Two weeks ago, a young woman named Karabo Mokoena went missing. Her father and friends took to social media to beg people to look out for her, to help them find her. Yesterday morning, her father broke the devastating news that his daughter was dead. Murdered - it seems, by her boyfriend.
My heart goes out to Tshepo Mokoena, a parent who’s had to utter the words that so many parents fear. I can’t imagine what he’s going through.
Almost as soon as the news broke, social media began flooding with expressions of shock, sympathy, and renewed cries for women to keep safe.
Keep safe. Be careful. It’s a dangerous world for a woman. Make sure you’re looking after yourself. Make sure you’re protecting yourself.
I understand the sentiment. When faced with a tragedy, all we want in the world is to find a way to convince ourselves that this same tragedy will never happen to us, or to our loved ones. We create these little rules. If we follow them, we’ll be protected.
But there’s a problem: Reacting to news that a woman was murdered by reminding other women to “keep safe” carries with it a subtext that the woman who was murdered wasn’t keeping safe, and that’s why she died. In other words, she brought it on herself somehow.
Karabo was killed by her boyfriend. Not some stranger in a dark alley. Not some enemy she’d been warned against. Her murderer was man that she was close with, who was supposed to love her and who she was supposed to trust. And this isn’t a rare occurance. As most women know, we’re statistically more likely to be murdered by someone we know than by a stranger.
When people keep telling women to “stay safe”, I can’t help but wonder what they feel that Karabo should have done differently to “be careful”? Not have a boyfriend? Not have a social life? Not leave the house at all?

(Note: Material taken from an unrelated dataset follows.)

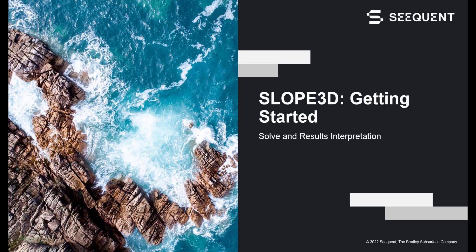Welcome back to the third installment of the Getting Started series for Slope3D. This tutorial will cover the basics of solving and interpreting an analysis in Slope3D.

A few days ago, I read about a child who was raped by her own father and brother. Her brother spent an hour in custody. Her father hasn’t even been arrested yet. She’s having panic attacks and is suffering from night terrors, and her rapists have gotten away with it. She’s nine years old.

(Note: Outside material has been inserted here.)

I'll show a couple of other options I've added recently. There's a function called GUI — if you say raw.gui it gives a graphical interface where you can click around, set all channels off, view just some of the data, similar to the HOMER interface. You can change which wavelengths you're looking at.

What could she have done to “stay safe”? How could she have been more “careful”?
The worst is, when I googled to get the link to the article I read, hundreds of similar stories came up.
You hear about women and girls raped and murdered at home, at school, at work, by parents, boyfriends, peers. How were any of them supposed to "stay safe"?
We live in a society that, time and time again, places almost all responsibility on victims to not be victims, while victimisers learn that society is trying to be understanding of them. Society will look for excuses for them, that many times they can get away with it.
The problem is not women who aren't careful enough about "staying safe". The problem is that there is no safety for us.